R/data.R

#' Phenotypes available for the Panicum virgatum diversity panel.
#'
#' A dataset containing phenotypes for the Panicum virgatum diversity panel.
#'     The variables are as follows:
#'
#' \itemize{
#'   \item PLANT_ID. ID of the Panicum virgatum genotype sequenced in the
#'      diversity panel.
#'   \item GWAS_CT. The number of times that genotype was clonally propagated
#'       and planted at these common gardens.
#'   \item MAT. Mean annual temperature at the genotype's location of origin.
#'   \item bio17. Precipitation in the driest quarter at the genotype's location
#'       of origin.
#'   \item bio4. Temperature seasonality at the genotype's location of origin.
#'   \item bio16. Precipitation in the wettest quarter at the genotype's
#'      location of origin.
#'   \item AHM. Annual heat moisture index, calculated as (MAT+10)/(MAP/1000),
#'      at the genotype's location of origin.
#'   \item bio2. Mean diurnal temperature range at the genotype's location of
#'      origin.
#'   \item bio5. Max temperature of the warmest month at the genotype's location
#'      of origin.
#'   \item FRAC_SRV_THREE. Fraction of individuals surviving winter 2018/2019
#'      at three northern gardens (BRKG, LINC, CLMB).
#'   \item CLMB_BIOMASS. Biomass at the end of the 2019 season in Columbia,
#'      Missouri.
#'   \item KBSM_BIOMASS. Biomass at the end of the 2019 season in Hickory
#'      Corners, Michigan (Kellog Biological Station).
#'   \item PKLE_BIOMASS. Biomass at the end of the 2019 season in Austin, Texas
#'       (Pickle Research Campus).
#' }
#'
#' @name pvdiv_phenotypes
#' @docType data
#' @author Alice MacQueen \email{alice.macqueen@@utexas.edu}
#' @references \url{https://www.nature.com/articles/s41586-020-03127-1}
#' @keywords data
#' @usage data(pvdiv_phenotypes)
#' @format A data frame with 1114 rows and 13 variables
NULL

#' GFF3 Gene information
#'
#' A dataset containing the gene information in GFF3 format.
#'     The variables are as follows:
#'
#' \itemize{
#'   \item seqid. name of the chromosome or scaffold; here, of Panicum virgatum.
#'   \item source. name of the program that generated this feature.
#'   \item type. type of feature.
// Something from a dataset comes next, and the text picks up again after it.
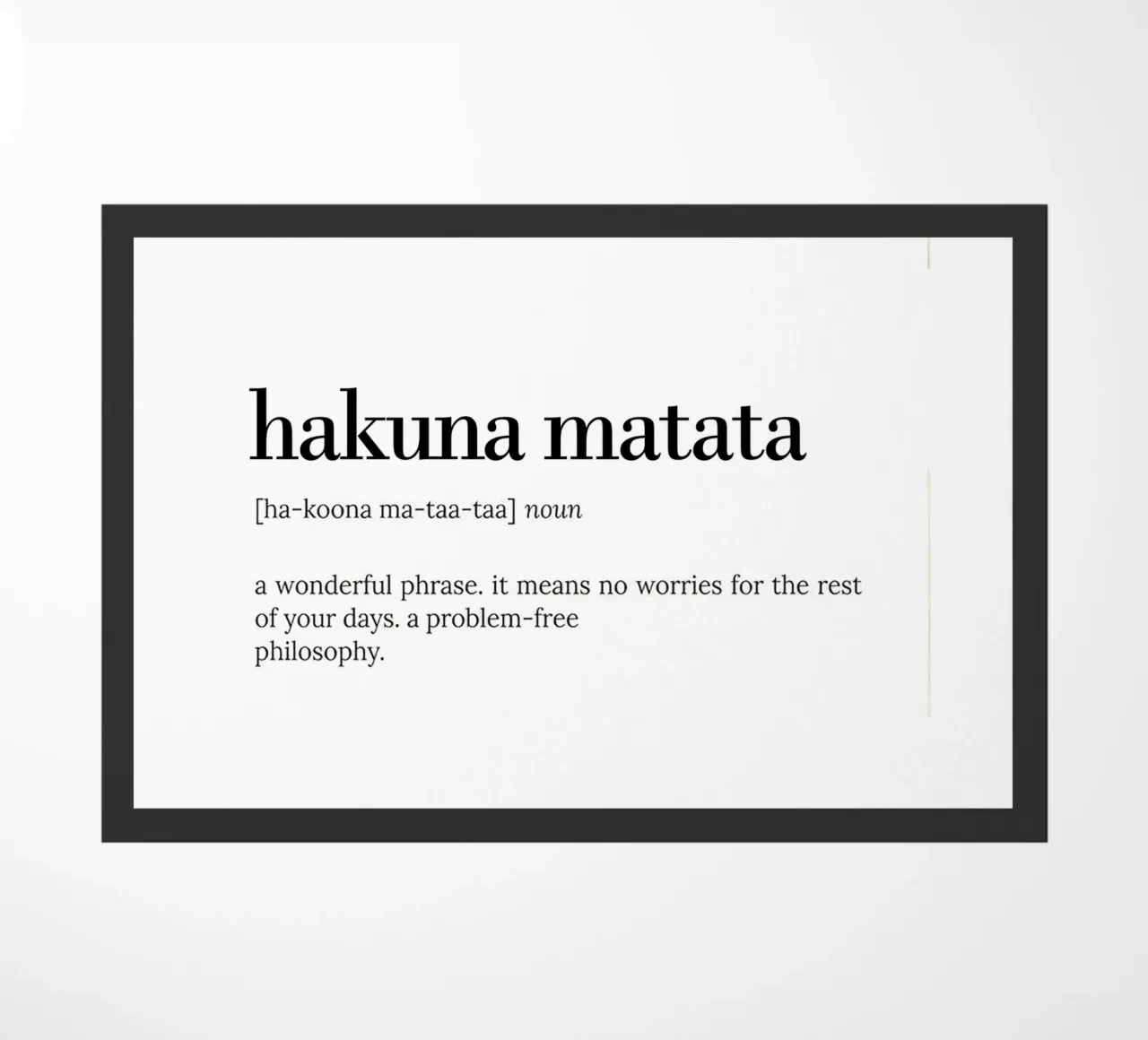 Hakuna Matata – No Worries Quote Typography Design zerbino da Attaboy Dsgn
Term or accession from the SOFA sequence ontology.
#'   \item start. Start position of the feature, with sequence numbering starting at 1.
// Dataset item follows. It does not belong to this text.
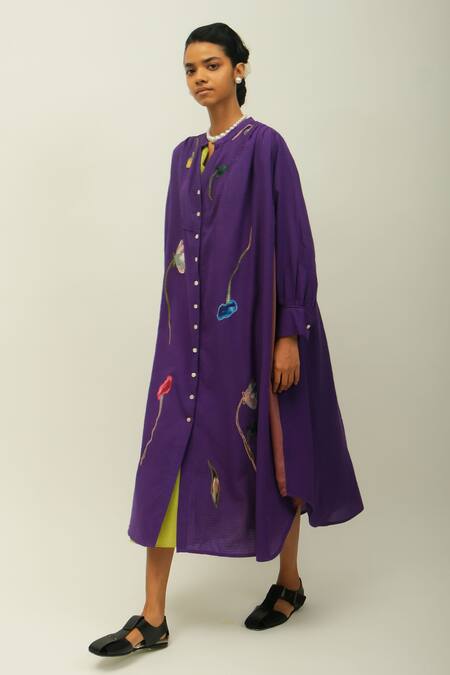 Buy_OFRIDA_Purple Embroidery Split V-neck Thistle Floral Sushi Checks Dress _Online_at_Aza_Fashions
#'   \item end. End position of the feature, with sequence numbering starting at 1.
#'   \item score. A floating point value.
#'   \item strand. defined as + (forward) or - (reverse).
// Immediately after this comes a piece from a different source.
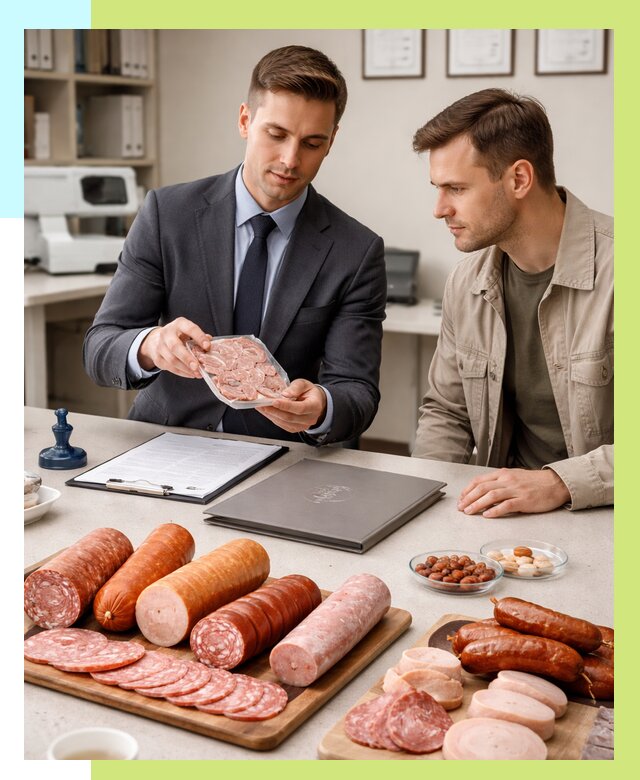 Сертификация колбасных изделий в Колпине от 7736 р. | Алешин-Клп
#'   \item phase. One of '0', '1' or '2'. '0' indicates that the first base of the feature is the first base of a codon, '1' that the second base is the first base of a codon, and so on.
#'   \item attributes. A semicolon-separated list of tag-value pairs, providing additional information about each feature. Some of these tags are predefined, e.g. ID, Name, Alias, Parent.
#' }
#'
#' @name gff_gene
#' @docType data
#' @author Alice MacQueen \email{alice.macqueen@@utexas.edu}
#' @keywords data
#' @usage data(gff_gene)
#' @format A data frame with 1236881 rows and 9 variables
NULL

#' Metadata lines for the gene GFF3
#'
#' A dataset containing the three metadata lines for the gff3 file gff_gene.
#'
#' @name gff_metadata
#' @docType data
#' @author Alice MacQueen \email{alice.macqueen@@utexas.edu}
#' @keywords data
#' @usage data(gff_metadata)
#' @format A data frame with 3 rows and 1 variable.
NULL

#' Annotation information from Pvirgatum_516_v5.1.annotation_info
#'
#' A dataset containing the v5.1 annotation information for Panicum virgatum.
#'     The variables are as follows:
#'
#' \itemize{
#'   \item pacID ID of the Panicum virgatum gene from the annotation file.
#'   \item locusName The gene name from Panicum virgatum. Only distinct locus
#'       names are included in this dataset.
#'   \item transcriptName The transcript name from P. virgatum. Only the first
#'       transcript variant is included in this dataset.
#'   \item peptideName The protein name for the variant. Only the first protein
#'       variant is included in this dataset.
#'   \item Pfam
#'   \item Panther Panther categories associated with this locus.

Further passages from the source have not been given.